Profundity, Spirituality and Drugs

I define spiritual experiences to be those involving particular sets of mental states: including the experience of transcendence, peace, bliss, trance, sublimity, and profundity.

These mental states are available outside of a religious context. Some folks who haven’t experienced them via religion don’t even group them together meaningfully. I tend to, because they are all states that I accessed through religious activities, that were pleasurable, and that were different (in scale or kind) to my every-day experience.

Profundity I think is especially significant. Grant Morrison in his essay “Pop Magic!” encourages intentional profundity as a way to access the magical realm in every-day objects. Jean Harrell’s “Profundity” draws direct lines from James’s Varieties of Religious Experience to her criteria of what makes profundity (chapter 6). I have previously written about the role that investment has in the experience of profundity. I think many rituals generate their religious impact through engendering a sense of profundity.

We can make a prediction based on this idea. If we look at repeatable contexts in which people experience heightened profundity outside religion, we should find that those contexts are also used or evoked in a religious context to heighten the sense of profundity, and thus the religious experience.

One such context, I’ve been researching recently, is drug use. In particular there are a couple of groups of narcotics that are often reported as engendering sensations of profundity: cannabinoids, and hallucinogens. It is a strong cultural cliche that stoners find everything profound, and countless hippes and musicians attest to finding profound insights during a good LSD trip.

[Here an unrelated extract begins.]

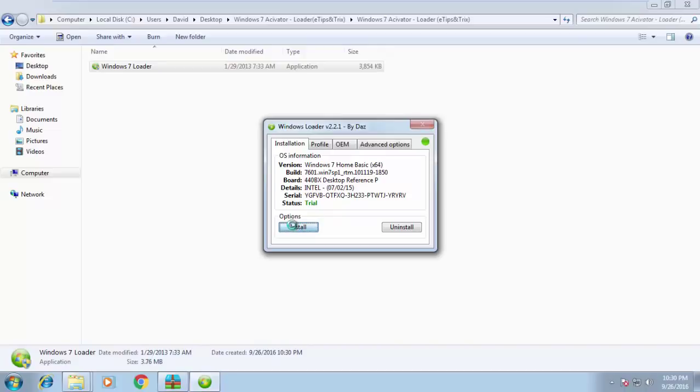Install and click on Activate. Windows 7 is activating.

I suspect, then, it isn’t a coincidence that just about all the entheogens (drugs used ritually by a religious group) I could find documented were in these groups.

A few examples:

Cannabis is most famously used by Rastafari, but as Bhang is also associated with Shiva in Hinduism, and some Santo Daime use it as a healing herb (their more common drug is below).

Hallucinogens are even more frequently used. Santo Daime’s primary drug ayahuasca is an example, consumption of which during extended rituals is known as “The Work” by adherents. Kastomists use a hallucinogenic tree plant root in their rituals. Peyote (mescalin) has been traditionally used by the Huichol Indians as an entheogen.

The only exception to these drugs, that I could find, is the ritual use of alcohol in some religions (in the Christian Eucharist, for example, or Cake and Ale in Gardnerian wicca, or Toasting in Asatru), and Khat (an amphetamine) used by some East-african groups. I could not find any claims that either were entheogens, however: that their narcotic effects actually produce or enable religious experience. If you know better, please correct me.

Even if this were not exclusively true, I think the pattern is distinct. Religious experience and the experience of profundity are linked: religious experience can engender profundity, and a narcotic cause of profundity can heighten religious experience.